Only one Republican, Sen. E. J. Pipkin of the Eastern Shore, sided with the fully united Democrats in the 34-13 vote in favor of an April 9 ouster.
“It’s a matter of the policy of the current PSC,” said Pipkin, who believes deregulation has not worked well in his district. “Things just aren’t working out for the consumers.”
The bill now moves on to the House of Delegates where it will face competition from other solutions being offered to the rate increase, most notably, legislation that would give the General Assembly the power to block the merger between BGE’s parent company, Constellation Energy, and Florida’s FPL Group.
“I have no confidence in the PSC,” said House speaker Michael E. Busch, D-Anne Arundel. But, he said, the House’s move to gain veto power over the merger would be more effective than removing all the commission’s members.

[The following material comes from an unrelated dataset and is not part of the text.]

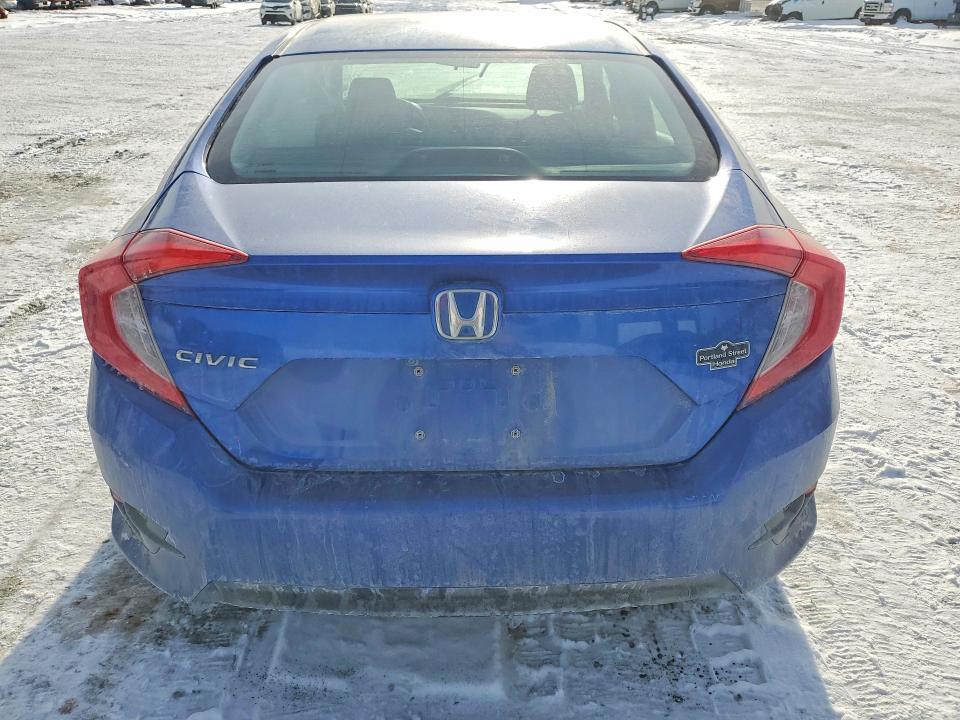 Photo 6 from auction – 2018 HONDA CIVIC with VIN 2HGFC2F59JH016308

The bills must be on the governor’s desk by Friday if the General Assembly wants to avoid being thwarted by a veto from the governor. If a bill passed on or before Friday is vetoed, the Assembly will still have time to override that veto before the end of the session April 10.

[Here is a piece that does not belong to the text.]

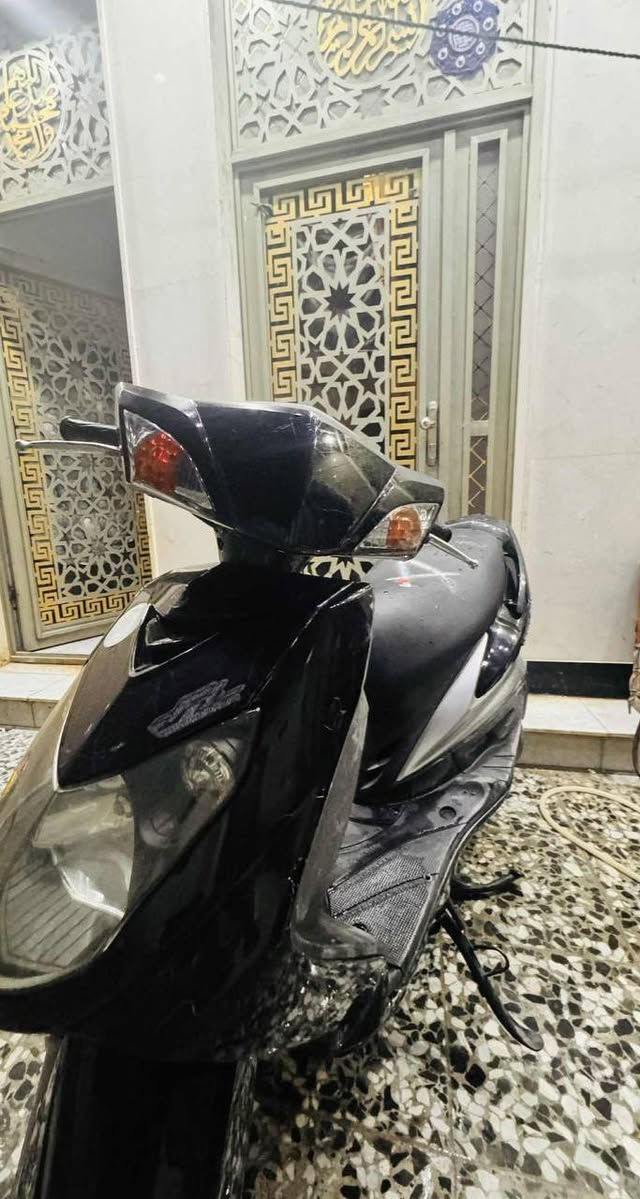 سلام عليكم دراجه سكنس كوري صارلها شهر نازله من رمبه للبيع سعر 800 وبيها مجال رقم ***********
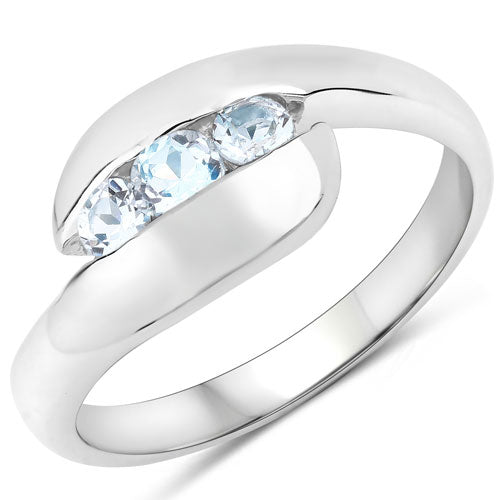 Anillo de plata esterlina .925 con topacio azul genuino de 0.74 quilates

Senate President Thomas V. Mike Miller Jr., D-Southern Maryland, who has been strongly supporting the PSC bill, promised that the Legislature will meet that Friday deadline.
Ehrlich tacitly voiced his disapproval of both the Senate and House measures at a news conference on the State House steps, saying that the PSC, “or what’s left of them once Mike Miller’s done with them,” can make their own decisions regarding the rate increase and the merger.

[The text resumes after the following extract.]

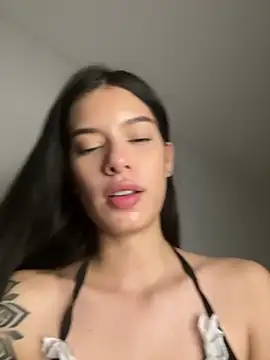 giasteele: онлайн-секс-чат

“Do you need a legislative fix necessarily? No. Is that the direction that this General Assembly is headed? Yes,” he said.
Shareese DeLeaver, an Ehrlich spokeswoman, said “it’s a strong possibility” that the governor will veto the bill to restructure the PSC, calling it a largely “punitive bill” against a commission that was not even in place when deregulation was passed in 1999.
“It’s political,” she said. “Basically, that’s it. It’s political.” The effort to block Constellation’s merger with FPL was put on a fast-track in a unanimous vote by the Senate Finance Committee Wednesday afternoon and could come to a final vote as early as Thursday.